In Jean-Pierre v. Citizen Watch Company of America, Inc., 18-CV-0507, 2019 WL 5887479 (S.D.N.Y., 2019), the court – invoking the principle that Title VII of the Civil Rights Act of 1964 is not a “general civility code for the American workplace” – dismissed plaintiff’s discrimination claims.
It summarized the law in this regard:
In determining whether inappropriate comments in the workplace constitute an adverse employment action, courts “must ‘filter out complaints attacking the ‘ordinary tribulations of the workplace, such as the sporadic use of abusive language, gender-related jokes, and occasional teasing.’ ’ ” Burlington N. & Santa Fe Ry. Co. v. White, 548 U.S. 53, 68 (2006) (internal citation omitted). The emphasis on determining whether an employee has experienced material adversity reflects the importance of distinguishing “significant from trivial harms.” Id. Although the employment discrimination laws protect employees from conduct that materially affects their employment conditions, “Title VII [ ] does not set forth ‘a general civility code for the American workplace’ ” and is not meant to “immunize [an] employee from those petty slights or minor annoyances that often take place at work and that all employees experience.”
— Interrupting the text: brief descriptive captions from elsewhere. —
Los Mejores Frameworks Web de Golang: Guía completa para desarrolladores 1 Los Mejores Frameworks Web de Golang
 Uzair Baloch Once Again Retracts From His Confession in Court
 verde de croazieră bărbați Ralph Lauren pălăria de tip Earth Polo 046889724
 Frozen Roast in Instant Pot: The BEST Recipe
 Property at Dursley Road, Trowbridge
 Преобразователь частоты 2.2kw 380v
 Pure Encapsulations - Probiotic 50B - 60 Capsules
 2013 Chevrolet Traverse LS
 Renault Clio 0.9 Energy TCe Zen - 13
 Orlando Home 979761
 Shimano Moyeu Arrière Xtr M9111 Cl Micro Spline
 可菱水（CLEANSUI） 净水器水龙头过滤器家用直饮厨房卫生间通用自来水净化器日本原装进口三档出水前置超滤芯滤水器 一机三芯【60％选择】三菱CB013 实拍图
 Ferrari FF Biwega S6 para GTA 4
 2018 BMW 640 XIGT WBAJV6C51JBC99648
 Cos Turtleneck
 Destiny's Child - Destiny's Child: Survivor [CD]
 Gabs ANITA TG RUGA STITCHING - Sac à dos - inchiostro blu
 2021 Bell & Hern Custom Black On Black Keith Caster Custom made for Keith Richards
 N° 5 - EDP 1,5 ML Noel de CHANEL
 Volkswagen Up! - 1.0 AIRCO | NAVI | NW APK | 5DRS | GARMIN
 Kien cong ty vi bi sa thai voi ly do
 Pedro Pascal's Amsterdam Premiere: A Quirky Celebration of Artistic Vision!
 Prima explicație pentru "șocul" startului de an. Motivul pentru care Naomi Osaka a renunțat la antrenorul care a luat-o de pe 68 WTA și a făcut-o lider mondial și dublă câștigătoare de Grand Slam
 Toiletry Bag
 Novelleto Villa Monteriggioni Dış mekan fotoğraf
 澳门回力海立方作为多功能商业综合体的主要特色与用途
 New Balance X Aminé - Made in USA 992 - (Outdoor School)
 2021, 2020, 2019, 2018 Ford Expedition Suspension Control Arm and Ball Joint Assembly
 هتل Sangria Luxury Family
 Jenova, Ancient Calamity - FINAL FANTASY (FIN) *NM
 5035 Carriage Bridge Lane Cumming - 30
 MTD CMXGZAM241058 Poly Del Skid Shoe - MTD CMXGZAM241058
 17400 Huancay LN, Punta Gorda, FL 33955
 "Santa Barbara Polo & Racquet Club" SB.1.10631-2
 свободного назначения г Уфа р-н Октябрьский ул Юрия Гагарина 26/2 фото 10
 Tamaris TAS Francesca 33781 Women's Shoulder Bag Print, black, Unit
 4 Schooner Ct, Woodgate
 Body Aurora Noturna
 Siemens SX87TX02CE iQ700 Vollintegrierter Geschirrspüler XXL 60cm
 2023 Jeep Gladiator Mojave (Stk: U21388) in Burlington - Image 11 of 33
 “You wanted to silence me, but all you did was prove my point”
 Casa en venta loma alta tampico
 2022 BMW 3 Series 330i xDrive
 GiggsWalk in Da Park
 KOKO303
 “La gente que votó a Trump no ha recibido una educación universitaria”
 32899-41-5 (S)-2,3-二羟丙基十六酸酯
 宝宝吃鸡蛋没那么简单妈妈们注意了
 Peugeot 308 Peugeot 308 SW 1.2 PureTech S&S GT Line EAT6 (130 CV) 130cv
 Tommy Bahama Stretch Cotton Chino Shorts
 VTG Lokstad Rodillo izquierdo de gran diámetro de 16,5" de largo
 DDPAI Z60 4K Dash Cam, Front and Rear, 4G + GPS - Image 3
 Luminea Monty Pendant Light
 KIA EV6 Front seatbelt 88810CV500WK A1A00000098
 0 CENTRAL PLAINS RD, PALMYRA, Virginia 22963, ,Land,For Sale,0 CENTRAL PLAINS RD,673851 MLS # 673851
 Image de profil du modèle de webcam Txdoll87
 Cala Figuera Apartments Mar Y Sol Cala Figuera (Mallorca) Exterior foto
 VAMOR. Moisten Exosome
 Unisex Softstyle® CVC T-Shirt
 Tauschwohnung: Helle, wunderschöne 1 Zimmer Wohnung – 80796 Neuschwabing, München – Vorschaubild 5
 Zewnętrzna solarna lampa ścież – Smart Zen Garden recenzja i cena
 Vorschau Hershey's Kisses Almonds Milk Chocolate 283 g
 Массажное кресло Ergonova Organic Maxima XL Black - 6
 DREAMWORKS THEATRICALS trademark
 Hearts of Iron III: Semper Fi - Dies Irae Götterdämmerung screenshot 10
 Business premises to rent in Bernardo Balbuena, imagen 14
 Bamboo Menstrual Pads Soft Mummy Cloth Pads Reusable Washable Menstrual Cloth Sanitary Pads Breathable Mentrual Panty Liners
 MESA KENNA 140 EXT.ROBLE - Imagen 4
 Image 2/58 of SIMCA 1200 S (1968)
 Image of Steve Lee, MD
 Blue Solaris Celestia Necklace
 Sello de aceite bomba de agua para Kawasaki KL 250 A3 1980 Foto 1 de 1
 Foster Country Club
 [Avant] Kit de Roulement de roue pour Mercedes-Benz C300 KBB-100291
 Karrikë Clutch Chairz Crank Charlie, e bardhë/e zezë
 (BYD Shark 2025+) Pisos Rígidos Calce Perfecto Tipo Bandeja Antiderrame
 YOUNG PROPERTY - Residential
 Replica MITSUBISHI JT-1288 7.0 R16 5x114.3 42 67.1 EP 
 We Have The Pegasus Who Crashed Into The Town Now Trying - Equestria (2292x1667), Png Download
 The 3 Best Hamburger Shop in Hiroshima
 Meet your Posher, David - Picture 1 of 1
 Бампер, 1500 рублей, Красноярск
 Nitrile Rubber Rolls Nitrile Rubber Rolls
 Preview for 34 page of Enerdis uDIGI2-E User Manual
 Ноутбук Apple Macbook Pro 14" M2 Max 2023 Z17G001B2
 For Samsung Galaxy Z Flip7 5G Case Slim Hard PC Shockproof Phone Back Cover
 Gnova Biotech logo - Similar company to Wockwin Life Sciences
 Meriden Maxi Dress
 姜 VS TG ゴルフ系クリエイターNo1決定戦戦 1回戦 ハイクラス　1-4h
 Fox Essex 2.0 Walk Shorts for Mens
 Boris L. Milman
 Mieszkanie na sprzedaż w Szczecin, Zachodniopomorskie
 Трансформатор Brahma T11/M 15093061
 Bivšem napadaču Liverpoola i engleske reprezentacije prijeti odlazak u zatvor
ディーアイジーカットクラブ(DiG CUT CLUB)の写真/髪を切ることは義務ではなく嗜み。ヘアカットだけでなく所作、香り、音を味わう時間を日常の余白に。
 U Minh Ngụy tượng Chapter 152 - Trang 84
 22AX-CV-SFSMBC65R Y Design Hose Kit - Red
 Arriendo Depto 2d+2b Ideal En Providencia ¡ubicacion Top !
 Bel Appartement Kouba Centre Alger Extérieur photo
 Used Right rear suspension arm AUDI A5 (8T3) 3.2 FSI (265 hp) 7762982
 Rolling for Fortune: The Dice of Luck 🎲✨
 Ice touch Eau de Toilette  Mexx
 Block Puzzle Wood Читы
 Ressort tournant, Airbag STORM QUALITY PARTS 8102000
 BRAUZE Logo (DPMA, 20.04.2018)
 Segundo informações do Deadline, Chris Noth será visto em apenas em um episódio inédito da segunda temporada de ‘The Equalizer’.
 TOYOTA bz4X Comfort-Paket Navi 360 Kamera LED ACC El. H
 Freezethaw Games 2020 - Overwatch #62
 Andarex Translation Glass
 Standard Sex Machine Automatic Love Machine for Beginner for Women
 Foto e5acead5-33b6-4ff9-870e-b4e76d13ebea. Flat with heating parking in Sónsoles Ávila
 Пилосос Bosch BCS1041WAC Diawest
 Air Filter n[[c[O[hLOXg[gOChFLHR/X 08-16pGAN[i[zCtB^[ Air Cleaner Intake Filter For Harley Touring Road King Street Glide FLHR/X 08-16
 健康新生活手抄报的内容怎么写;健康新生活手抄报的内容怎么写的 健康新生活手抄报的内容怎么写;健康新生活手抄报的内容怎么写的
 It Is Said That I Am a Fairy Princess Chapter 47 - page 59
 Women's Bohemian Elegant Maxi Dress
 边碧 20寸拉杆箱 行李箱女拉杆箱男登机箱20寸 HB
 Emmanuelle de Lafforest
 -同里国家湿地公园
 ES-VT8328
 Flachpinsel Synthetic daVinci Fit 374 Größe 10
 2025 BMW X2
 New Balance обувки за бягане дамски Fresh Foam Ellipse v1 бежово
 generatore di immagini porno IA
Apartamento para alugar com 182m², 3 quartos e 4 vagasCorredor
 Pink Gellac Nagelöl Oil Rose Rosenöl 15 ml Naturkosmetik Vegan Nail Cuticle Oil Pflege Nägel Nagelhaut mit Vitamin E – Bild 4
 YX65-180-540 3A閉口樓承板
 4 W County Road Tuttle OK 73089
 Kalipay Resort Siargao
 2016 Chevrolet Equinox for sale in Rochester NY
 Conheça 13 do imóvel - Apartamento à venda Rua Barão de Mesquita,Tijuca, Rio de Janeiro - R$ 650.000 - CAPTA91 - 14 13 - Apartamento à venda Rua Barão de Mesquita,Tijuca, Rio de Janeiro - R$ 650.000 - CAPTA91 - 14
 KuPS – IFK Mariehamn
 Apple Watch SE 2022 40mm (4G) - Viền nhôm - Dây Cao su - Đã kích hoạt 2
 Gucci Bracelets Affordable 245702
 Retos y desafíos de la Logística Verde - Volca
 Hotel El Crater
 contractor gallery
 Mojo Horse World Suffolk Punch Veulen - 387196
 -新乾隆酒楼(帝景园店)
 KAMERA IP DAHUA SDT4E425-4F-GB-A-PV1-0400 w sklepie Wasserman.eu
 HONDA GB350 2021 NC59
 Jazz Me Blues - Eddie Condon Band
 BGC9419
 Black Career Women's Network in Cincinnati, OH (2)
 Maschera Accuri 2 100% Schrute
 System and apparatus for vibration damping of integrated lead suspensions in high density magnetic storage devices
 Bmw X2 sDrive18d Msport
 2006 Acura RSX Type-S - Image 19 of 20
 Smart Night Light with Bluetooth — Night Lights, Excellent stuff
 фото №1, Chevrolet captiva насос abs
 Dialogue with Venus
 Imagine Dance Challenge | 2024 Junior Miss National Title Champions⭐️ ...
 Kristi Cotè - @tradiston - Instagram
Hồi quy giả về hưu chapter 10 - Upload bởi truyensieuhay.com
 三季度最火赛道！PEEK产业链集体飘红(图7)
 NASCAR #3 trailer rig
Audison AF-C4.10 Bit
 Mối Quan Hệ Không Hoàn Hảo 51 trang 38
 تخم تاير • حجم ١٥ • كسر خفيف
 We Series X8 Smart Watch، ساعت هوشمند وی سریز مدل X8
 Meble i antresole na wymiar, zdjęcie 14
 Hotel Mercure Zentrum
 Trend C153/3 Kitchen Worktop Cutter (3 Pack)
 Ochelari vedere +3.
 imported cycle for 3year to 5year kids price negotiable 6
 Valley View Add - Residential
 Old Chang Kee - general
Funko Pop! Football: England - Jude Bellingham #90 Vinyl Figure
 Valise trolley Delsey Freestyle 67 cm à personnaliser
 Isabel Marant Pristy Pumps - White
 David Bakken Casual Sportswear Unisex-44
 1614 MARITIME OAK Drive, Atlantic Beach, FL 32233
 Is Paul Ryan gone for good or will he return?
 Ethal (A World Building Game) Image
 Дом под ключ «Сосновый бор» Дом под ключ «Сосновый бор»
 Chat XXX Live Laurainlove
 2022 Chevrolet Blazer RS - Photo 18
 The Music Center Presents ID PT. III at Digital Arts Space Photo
Applying the law, the court explained:
Here, Plaintiff describes two allegedly inappropriate interactions with Thumm. Although possibly inappropriate, they do not constitute adverse employment actions. First, Plaintiff alleges that Thumm “humiliated her in front of her colleagues by making a negative comment about her African-American hair texture.” Pl. Am. Mem. of Law at 4; Pl. Dep. at 278:23-280:16. Second, Plaintiff claims Thumm approached her at a work-related event and said, “I don’t know what you think you’re doing, but it’s not working.”7 Pl.’s 56.1 Resp. ¶ 97; Pl. Dep. at 287:8-287:12. Although these comments may have been inappropriate, actions or comments “that cause a plaintiff ‘embarrassment or anxiety’ are insufficient to qualify as an adverse action because such intangible consequences are not materially adverse alterations of employment conditions.” E.E.O.C. v. Bloomberg L.P., 967 F. Supp. 2d 816, 872–73 (S.D.N.Y. 2013) (quoting Miksic v. TD Ameritrade Holding Corp., No. 12-CV-1446, 2013 WL 1803956, at *3 (S.D.N.Y. Mar. 7, 2013)). Because Plaintiff has not proffered any evidence that these statements had a material impact on the condition of her employment, they do not constitute adverse employment actions. See Lee v. N. Y. State Dep’t of Health, Nos. 98-CV-5712 & 99-CV-4859, 2001 WL 34031217, at *1, 16 (S.D.N.Y. Apr. 23, 2001) (explaining that being yelled at and receiving unfair criticism do not rise to the level of adverse employment actions because they do not have a material impact on the terms and conditions of the plaintiff’s employment or affect any ultimate employment decisions).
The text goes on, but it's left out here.